Records drawn from a dataset:
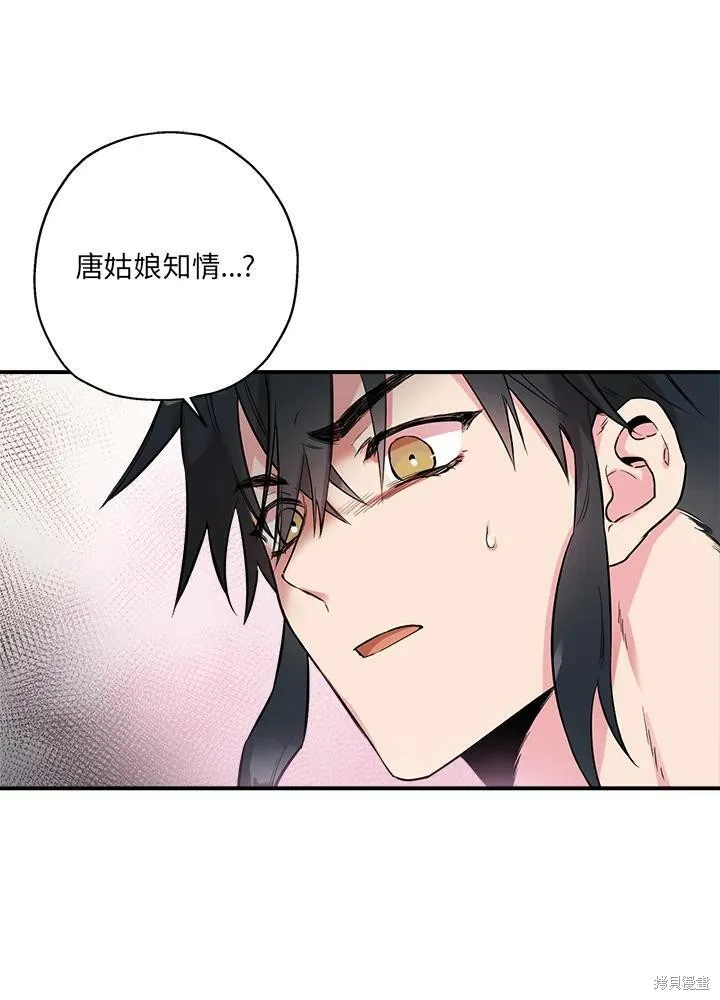 第37话 第107页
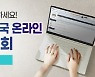 CTS기독교TV, 3개월 간 '제3회 대한민국 온라인 성경필사대회' 진행
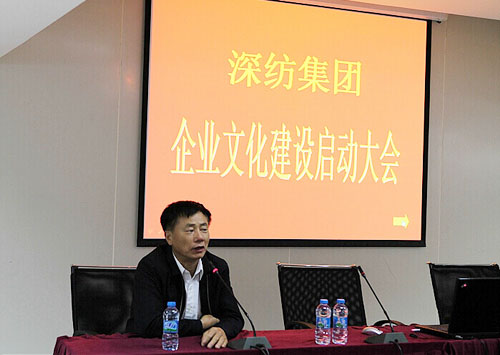 深紡集團召開企業文化建設項目啟動大會 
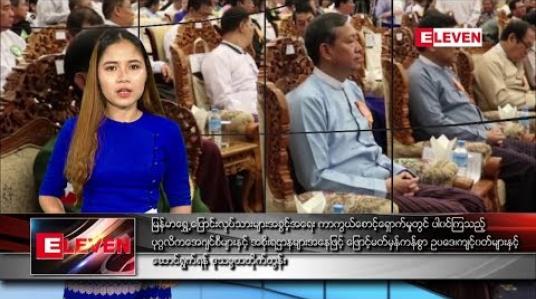Embedded thumbnail for ဒီဇင်ဘာ(၁၈)ရက် ညပိုင်းသတင်း အစီအစဉ် 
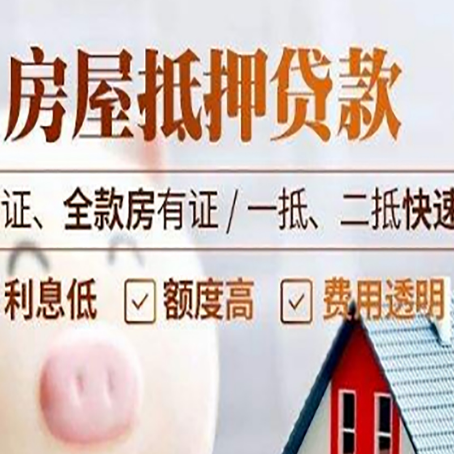 新丰房产抵押贷款的条件是什么?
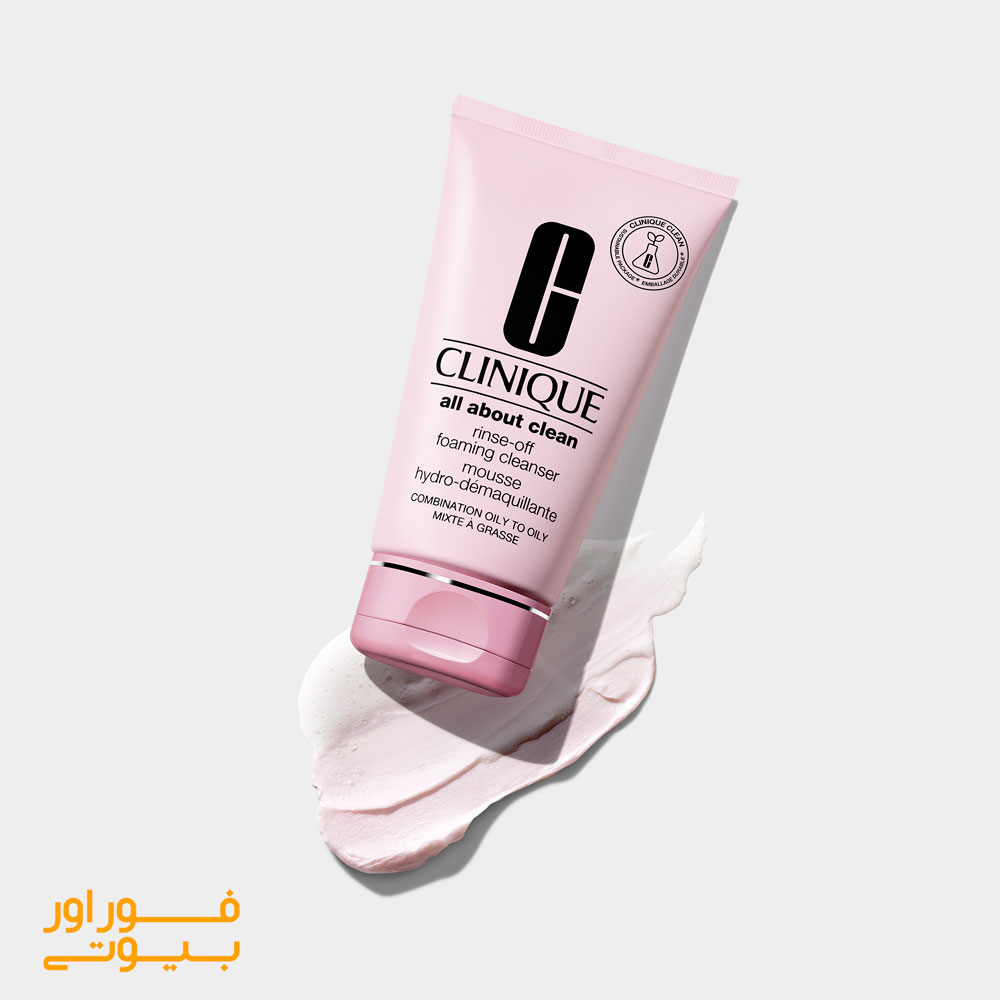 All About Clean Rinse-Off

### Work required
Of the entries above, print exactly those lines that run from the one containing "深紡集團召開企業文化建設項目啟動大會" through the last line, excluding any pictures.

### Exercise answer
 深紡集團召開企業文化建設項目啟動大會 
Embedded thumbnail for ဒီဇင်ဘာ(၁၈)ရက် ညပိုင်းသတင်း အစီအစဉ် 
 新丰房产抵押贷款的条件是什么?
 All About Clean Rinse-Off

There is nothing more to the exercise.